#### Entries shown
+ + +

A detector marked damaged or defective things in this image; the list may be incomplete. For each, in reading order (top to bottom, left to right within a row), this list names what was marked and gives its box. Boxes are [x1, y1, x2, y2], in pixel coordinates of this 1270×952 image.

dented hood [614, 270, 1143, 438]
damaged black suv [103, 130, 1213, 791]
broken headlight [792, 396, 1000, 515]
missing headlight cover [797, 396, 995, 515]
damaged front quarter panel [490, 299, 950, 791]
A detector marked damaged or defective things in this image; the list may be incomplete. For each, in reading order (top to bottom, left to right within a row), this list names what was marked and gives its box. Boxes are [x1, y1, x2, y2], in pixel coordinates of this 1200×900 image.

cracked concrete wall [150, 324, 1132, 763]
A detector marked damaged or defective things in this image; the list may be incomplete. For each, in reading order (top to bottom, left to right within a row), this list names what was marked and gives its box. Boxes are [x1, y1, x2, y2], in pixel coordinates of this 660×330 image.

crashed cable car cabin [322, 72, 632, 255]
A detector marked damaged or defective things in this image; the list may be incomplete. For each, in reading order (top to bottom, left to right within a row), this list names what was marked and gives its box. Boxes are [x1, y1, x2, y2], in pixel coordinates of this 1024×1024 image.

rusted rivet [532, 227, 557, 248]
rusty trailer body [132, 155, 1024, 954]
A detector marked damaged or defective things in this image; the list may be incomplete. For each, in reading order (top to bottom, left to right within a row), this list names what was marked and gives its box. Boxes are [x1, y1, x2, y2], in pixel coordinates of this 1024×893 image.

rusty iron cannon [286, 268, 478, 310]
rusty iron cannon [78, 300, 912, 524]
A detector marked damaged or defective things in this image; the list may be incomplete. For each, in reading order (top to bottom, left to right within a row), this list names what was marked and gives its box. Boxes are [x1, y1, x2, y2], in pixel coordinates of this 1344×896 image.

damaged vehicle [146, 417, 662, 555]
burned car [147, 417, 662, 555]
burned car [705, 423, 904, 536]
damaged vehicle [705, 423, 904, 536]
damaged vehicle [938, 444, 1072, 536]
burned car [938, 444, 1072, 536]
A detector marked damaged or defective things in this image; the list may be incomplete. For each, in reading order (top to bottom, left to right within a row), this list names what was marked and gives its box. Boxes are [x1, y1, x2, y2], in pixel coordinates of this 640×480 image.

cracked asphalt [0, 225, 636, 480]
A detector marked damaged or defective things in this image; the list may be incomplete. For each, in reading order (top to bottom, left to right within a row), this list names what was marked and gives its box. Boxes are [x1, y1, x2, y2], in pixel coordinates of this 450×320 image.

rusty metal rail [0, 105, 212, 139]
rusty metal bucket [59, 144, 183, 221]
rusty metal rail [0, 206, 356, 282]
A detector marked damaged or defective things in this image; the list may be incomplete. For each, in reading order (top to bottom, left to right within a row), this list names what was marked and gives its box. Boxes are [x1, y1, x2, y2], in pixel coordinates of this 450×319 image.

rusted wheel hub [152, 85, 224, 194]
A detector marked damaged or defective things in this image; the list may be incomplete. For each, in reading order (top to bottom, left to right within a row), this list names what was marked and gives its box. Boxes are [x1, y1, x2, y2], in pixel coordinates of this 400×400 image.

+ + +

#### Assignment
Repeat only the stretch of lines that opens with the line containing "this 450×319 image." and closes with the final line of the entries, both included, exactly as written.

#### Exercise response
A detector marked damaged or defective things in this image; the list may be incomplete. For each, in reading order (top to bottom, left to right within a row), this list names what was marked and gives its box. Boxes are [x1, y1, x2, y2], in pixel coordinates of this 450×319 image.

rusted wheel hub [152, 85, 224, 194]
A detector marked damaged or defective things in this image; the list may be incomplete. For each, in reading order (top to bottom, left to right within a row), this list names what was marked and gives its box. Boxes are [x1, y1, x2, y2], in pixel coordinates of this 400×400 image.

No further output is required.